Devon, when you suggest avoiding merging, which type of analysis do you have in mind? I need to calculate a heatmap, which would be representative of all the replicates (that is, an average of all replicates). Are there some tools that take as input multiple BAM files of replicates to construct a single heatmap?
What data do you want to put on the heatmap? If you plan to compute a coverage, you can compute coverage files per BAM and then add them together. Using deepTools you can compute coverages, add them together using bigwigCompare and finally create a heatmap.
I am trying to use your tool, and it looks very impressive, but also very sophisticated. I am historically more used to do this kind of analysis in HOMER. Do you know whether HOMER allows creating a single tag dir from multiple BAM files?
I am still unsure what you want to do. I tried to guessed it is coverage but can you elaborate?
I want to calculate enriched heatmaps, like these https://deeptools.readthedocs.org/en/latest/content/tools/plotHeatmap.html
The only problem is that the input files are as large as several hundreds of Gb (for a single heatmap)
Please define "calculate enriched heatmaps"?

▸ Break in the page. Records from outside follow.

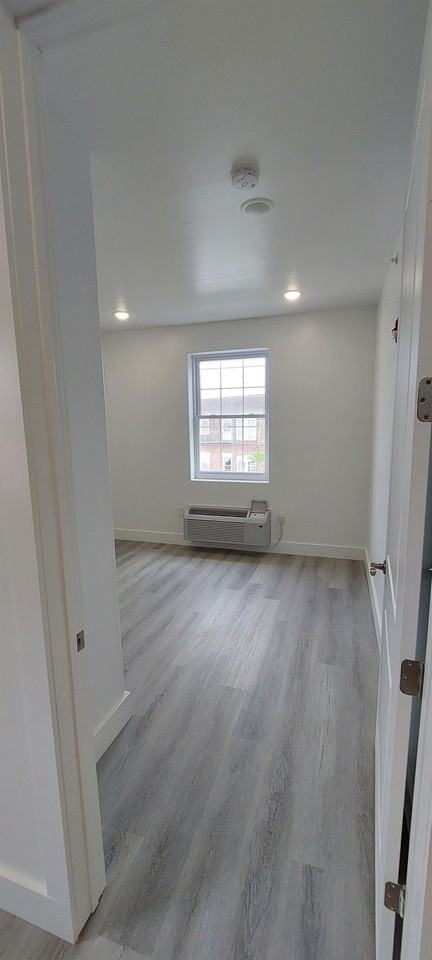 273 Oak StreetApartment # 301 #301 - Photo 6 of 10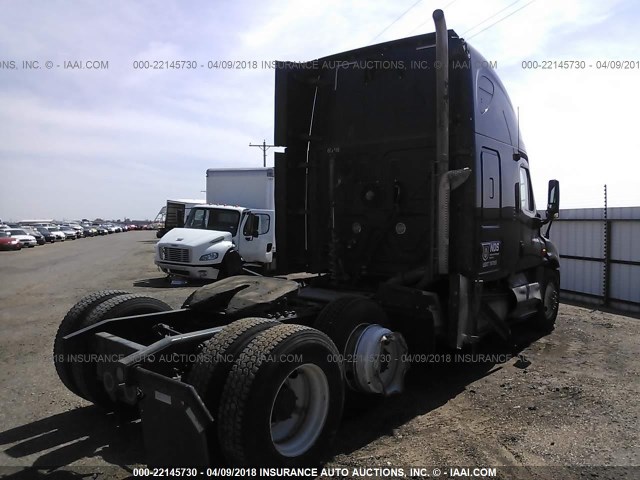 3AKJGLDR8DSFE7639 - 2013 FREIGHTLINER CASCADIA 125  BLACK photo 4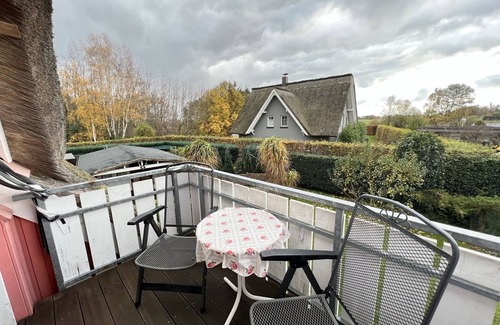 Wieck auf dem Darss Apartment | Small cozy vacation apartment with well-kept green property - Buhne IV (upper floor)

The method you reference seems to suggest that you supply the plotHeatmap function with the output of computeMatrix. The function computeMatrix does not seem to take a BAM file. Instead it needs you to supply the regions you wish to score as a bed file, and the scores for those regions as a Wig file.
I am talking about the whole downstream analysis starting from the BAM files and ending with the heatmap like in the figure. Currently I am trying HOMER, but it has the following problem: it worked well for one cell type using about 200 Gb reads as input, but it failed to work for another cell type which has two times more reads.

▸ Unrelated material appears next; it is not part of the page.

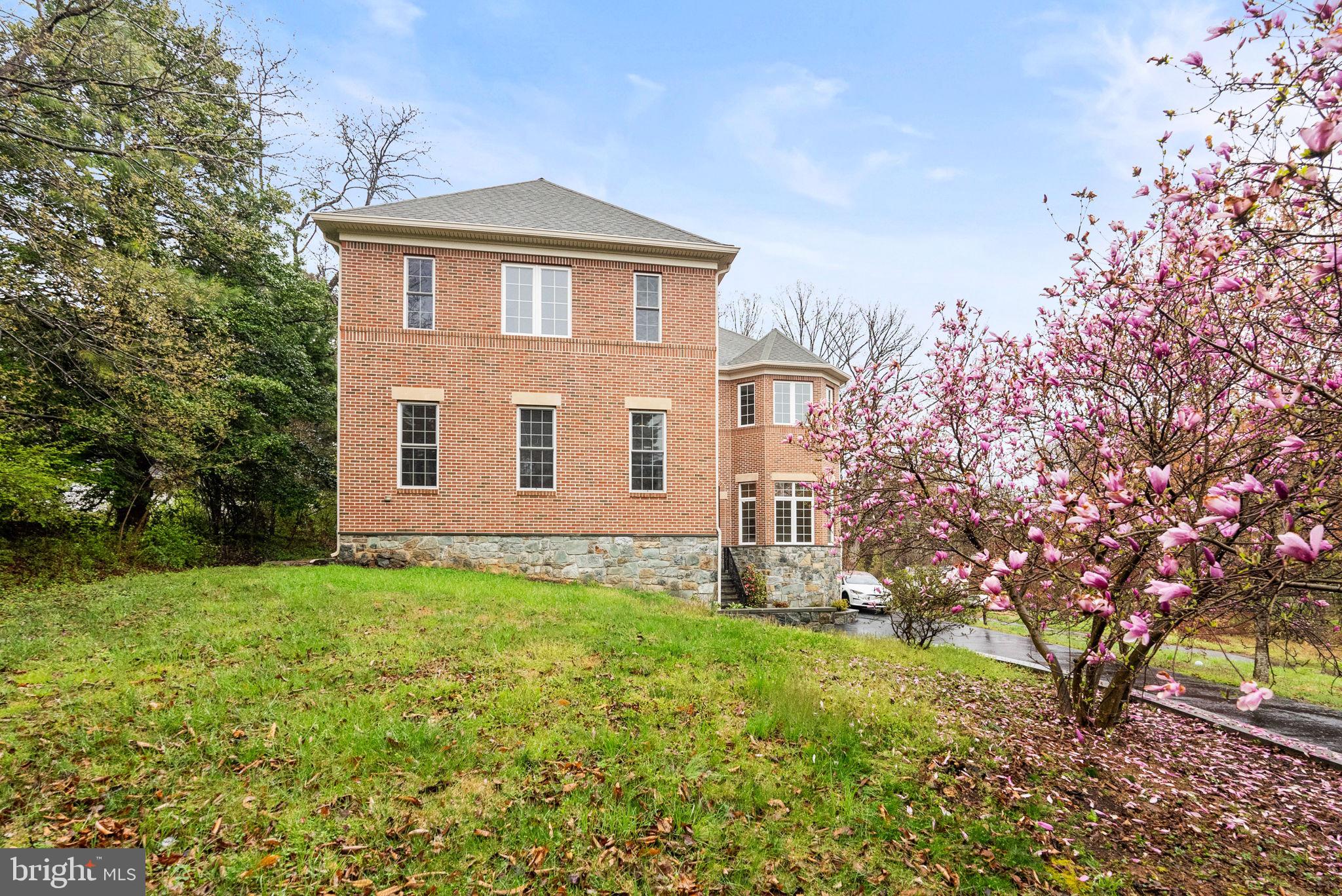 ODRICKS CORNER - Residential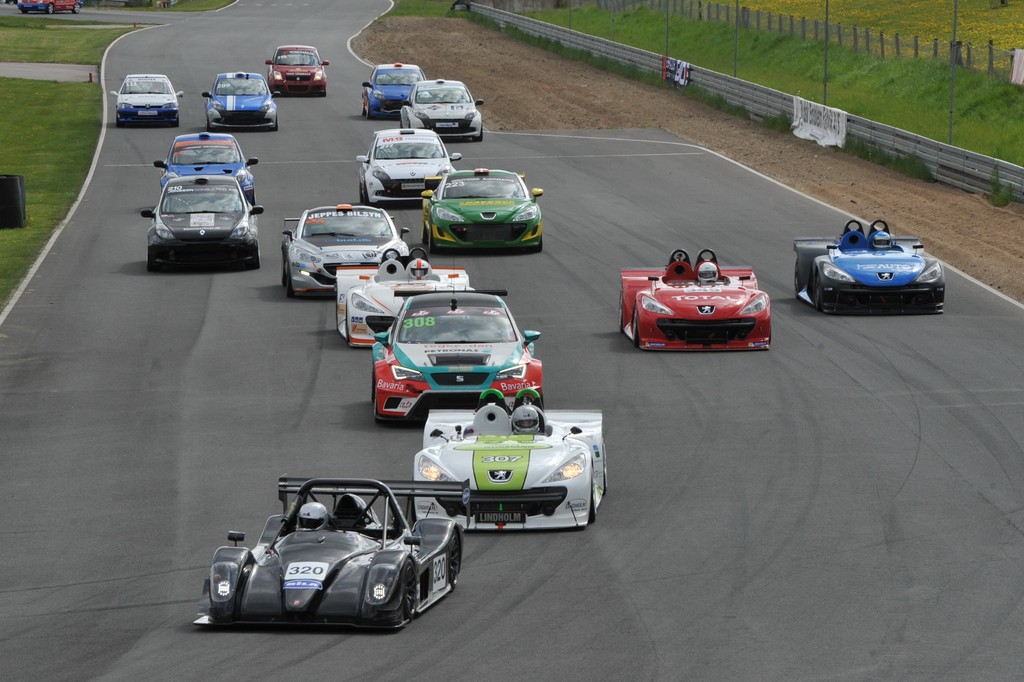 Team Blue Racings sorte Radical SR8 gik i front ved starten af løbet. Den var også i front fire timer senere.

Is there any reason why you can't process each sample individually, then average scores of replicates?
Two reasons: (1) processing each of the 20 samples individually is more work, and (2) I have no computational tool to average 20 heat maps into one single heatmap
I guess I'm a little confused, your post is about merging BAM files, but above you said that you had already run this with HOMER. Can you explain what is meant by "failed to work", did the program crash or did something else happen?
Are you sure you're not running into memory issues with such a large amount of data? Merging the BAM won't solve that.
I figured it out how to create a merged tag dir in HOMER by merging several precalculated HOMER dirs, avoiding directly merging BAM files. The problem though, is that HOMER works fine only up to a certain dir size. Perhaps it is a memory issue, since intermediate files might be >1Tb. For now, I have just decided to discard several replicates to downsize the problem.
deepTools won't have issues with a BAM file that large. Having said that, I would normally keep my replicates in separate files, since otherwise you can't assess variability. If you want to then do some comparison between groups, you can always get the data (as a numpy matrix or sometimes even a text file) and write a script to do whatever you want with it.
PS. I have started "samtools merge", and it is VERY slow. I guess it will take the whole day just to merge the files.
FYI, you can multithread the writing with the -@ option.
good advise about -@, thank you!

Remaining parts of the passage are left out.